I'll look into that, but I don't use scipy and to my knowledge nor does any package I use, so it remains unclear to me as to why the error pops up.

It looks like the touch package is not getting loaded on appveyor. Can you tell me anything about it? Are there any other libraries you are importing that will be increasing the required packages to run networkx? We may have to handle them in a similar way to how we handle scipy.

Touch is a simple package that just wraps an open(path, "w") with a semantically significant name, nothing much. I chose to use it just for making more semantically clear the purpose of that function. The other packages required are listed in the first message: these are compress_json, auto_tqdm and dict_hash. The packages are not a firm requirement, but for instance on a graph I had to tackle in a paper I'm working the resulting JSON was about 3GB, so saving compressed partial results helped to avoid bloating the disk.

dict_hash is only needed when using the cache, and as said before is not a firm requirement for the package to run, but if the execution is interrupted (by either a MemoryError or a KeyInterrupt by the user) the cache helps to avoid recomputing the nodes.

Finally, auto_tqdm while not essential helps (at least me) having an idea when the section of the script will be done running and if one needs to report the expected completion time or pays for the computing time it can be a helpful information.

I should warn you before you put too much more effort into this that we have not settled on a platform/library for parallel algorithms yet. Search through previous issues for "parallel"
to see previous discussions about parallel libraries. It may be different now in 2019, but in the past it wasn't clear which libraries to use -- so much seems to depend on the hardware setup, etc. Do you have a perspective that python parallel libraries have become uniform, or that one library is becoming the de facto parallel interface?

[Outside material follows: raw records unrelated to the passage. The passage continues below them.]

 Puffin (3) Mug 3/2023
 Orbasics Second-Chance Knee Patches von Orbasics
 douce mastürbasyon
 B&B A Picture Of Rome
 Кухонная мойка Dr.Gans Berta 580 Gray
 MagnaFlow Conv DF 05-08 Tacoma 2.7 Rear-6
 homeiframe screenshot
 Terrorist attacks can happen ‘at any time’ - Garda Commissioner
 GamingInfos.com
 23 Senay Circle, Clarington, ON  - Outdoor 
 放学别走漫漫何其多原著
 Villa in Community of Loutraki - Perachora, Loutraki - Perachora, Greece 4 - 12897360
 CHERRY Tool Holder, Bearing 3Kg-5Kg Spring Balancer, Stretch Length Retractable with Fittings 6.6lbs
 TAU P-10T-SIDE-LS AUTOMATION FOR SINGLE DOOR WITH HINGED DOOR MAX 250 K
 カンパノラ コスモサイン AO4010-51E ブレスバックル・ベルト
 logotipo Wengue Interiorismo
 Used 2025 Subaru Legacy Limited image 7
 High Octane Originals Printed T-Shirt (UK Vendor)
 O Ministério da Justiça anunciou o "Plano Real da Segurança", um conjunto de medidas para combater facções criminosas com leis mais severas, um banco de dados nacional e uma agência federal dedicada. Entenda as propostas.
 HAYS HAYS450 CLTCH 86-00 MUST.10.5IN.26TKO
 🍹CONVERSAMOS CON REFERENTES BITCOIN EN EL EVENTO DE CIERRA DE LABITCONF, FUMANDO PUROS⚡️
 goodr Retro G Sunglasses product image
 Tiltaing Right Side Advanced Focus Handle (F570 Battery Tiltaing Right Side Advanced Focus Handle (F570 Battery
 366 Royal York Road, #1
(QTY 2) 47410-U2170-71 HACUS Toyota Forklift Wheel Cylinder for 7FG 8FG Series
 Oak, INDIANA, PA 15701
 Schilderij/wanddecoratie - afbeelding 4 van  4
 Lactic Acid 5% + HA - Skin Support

To my knowledge multiprocessing is the go-to library for parallel execution, as all my projects (and colleagues at my laboratory) dealing with python and parallel programming use it, but I should stress that I do not possess any statistics on parallel programming packages usage. I should look into this more.

...after going down a rabbit hole of parallel programming for the last 40 minutes...

I have learned that multiprocessing is the default parallelization library in Python and it comes shipped with it and the most common non-default library (by download count from pip, metric that does not exist for the current multiprocessing version) is Dask, which "just" offers an high-level interface to multiprocessing.

Therefore, I believe that multiprocessing can be considered the default library for parallel programming in Python.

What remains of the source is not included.